Action item: Only the lines from the one containing "History Men: Jadunath" through the one containing "L'ENIGME DES SABLES" should be printed, exactly as they appear below, with both ends included.

Listed entries:

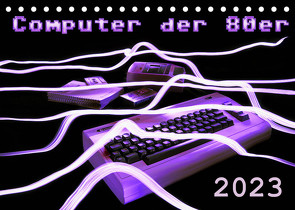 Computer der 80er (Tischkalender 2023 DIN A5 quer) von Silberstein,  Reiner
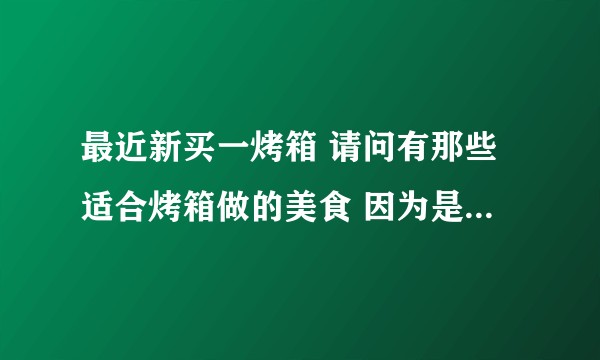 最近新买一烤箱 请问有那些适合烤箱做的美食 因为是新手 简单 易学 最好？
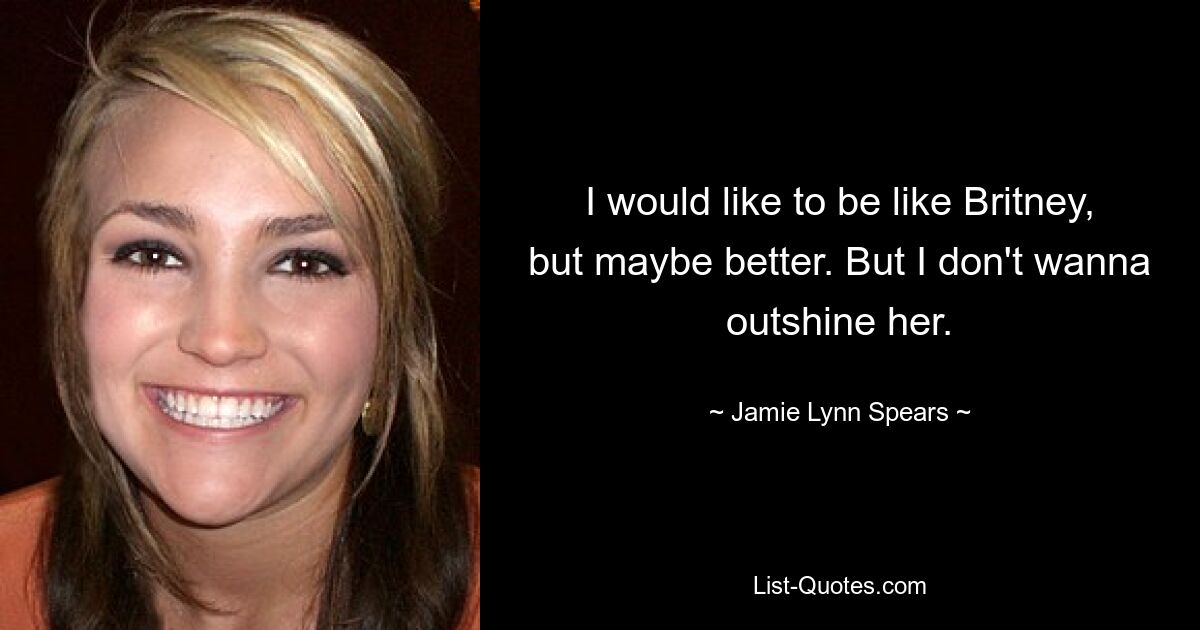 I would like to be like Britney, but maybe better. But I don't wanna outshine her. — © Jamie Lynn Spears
---
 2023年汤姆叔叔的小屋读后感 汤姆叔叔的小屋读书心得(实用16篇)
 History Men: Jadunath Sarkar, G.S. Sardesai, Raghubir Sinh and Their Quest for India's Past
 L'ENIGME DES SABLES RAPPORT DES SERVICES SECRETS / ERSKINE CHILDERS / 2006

Exercise solution:
 History Men: Jadunath Sarkar, G.S. Sardesai, Raghubir Sinh and Their Quest for India's Past
 L'ENIGME DES SABLES RAPPORT DES SERVICES SECRETS / ERSKINE CHILDERS / 2006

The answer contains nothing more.